→ **Record extracts**:

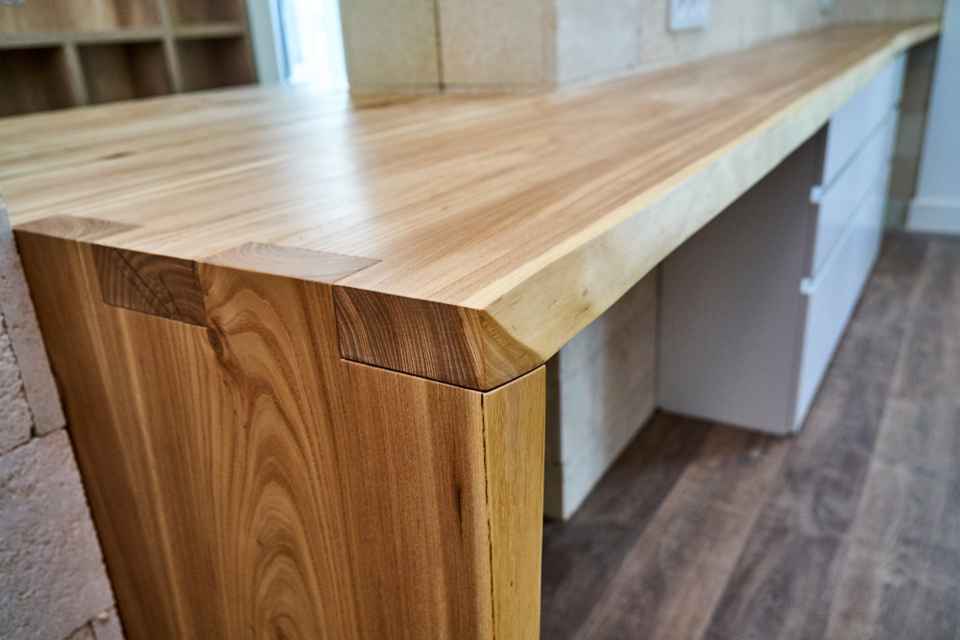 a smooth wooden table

* * *

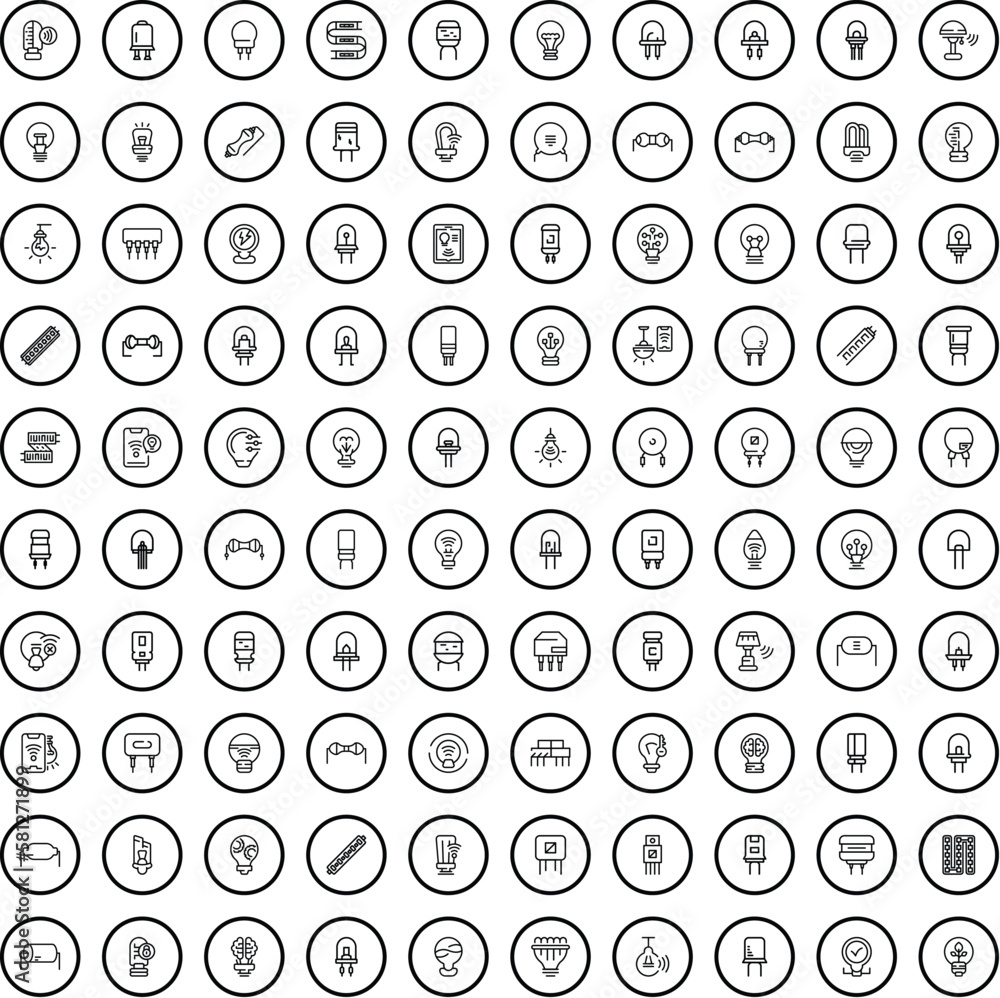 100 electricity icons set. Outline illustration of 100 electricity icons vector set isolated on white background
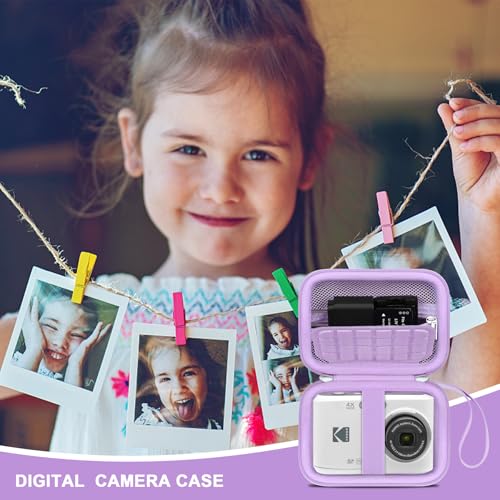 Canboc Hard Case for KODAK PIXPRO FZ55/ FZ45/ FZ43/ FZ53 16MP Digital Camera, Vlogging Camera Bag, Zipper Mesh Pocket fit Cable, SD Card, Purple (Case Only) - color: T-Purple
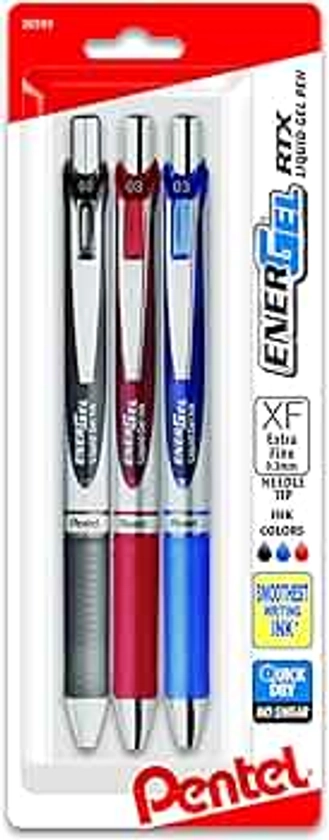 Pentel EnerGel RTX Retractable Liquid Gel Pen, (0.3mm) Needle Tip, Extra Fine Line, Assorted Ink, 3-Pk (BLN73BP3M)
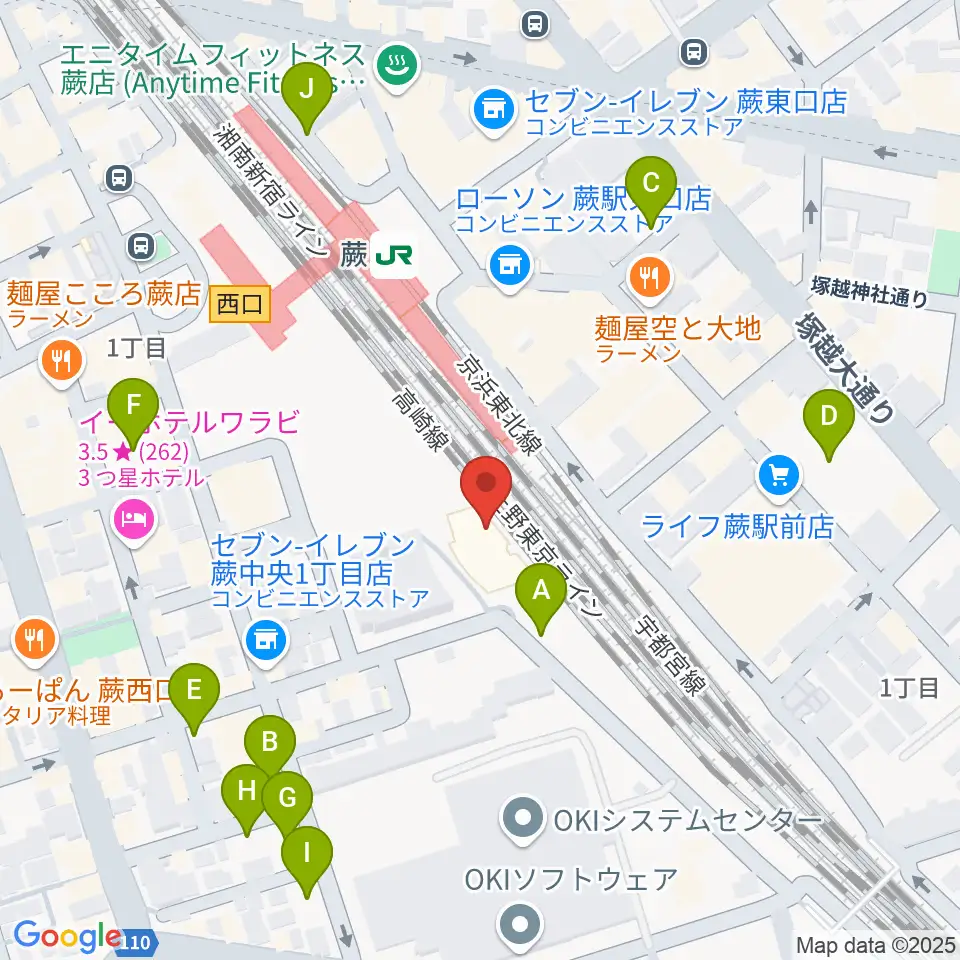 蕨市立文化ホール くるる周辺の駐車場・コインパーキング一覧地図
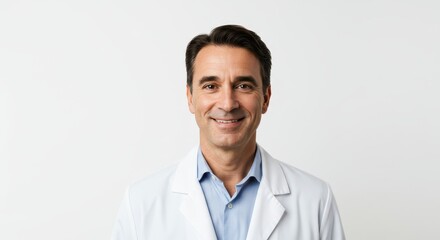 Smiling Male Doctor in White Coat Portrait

→ **Exercise aim**:
What is needed is an exact copy of only the lines above from the one with "蕨市立文化ホール くるる周辺の駐車場・コインパーキング一覧地図" to the one with "Smiling Male Doctor in White Coat Portrait", both kept, with every picture left out.

→ **Exercise answer**:
 蕨市立文化ホール くるる周辺の駐車場・コインパーキング一覧地図
 Smiling Male Doctor in White Coat Portrait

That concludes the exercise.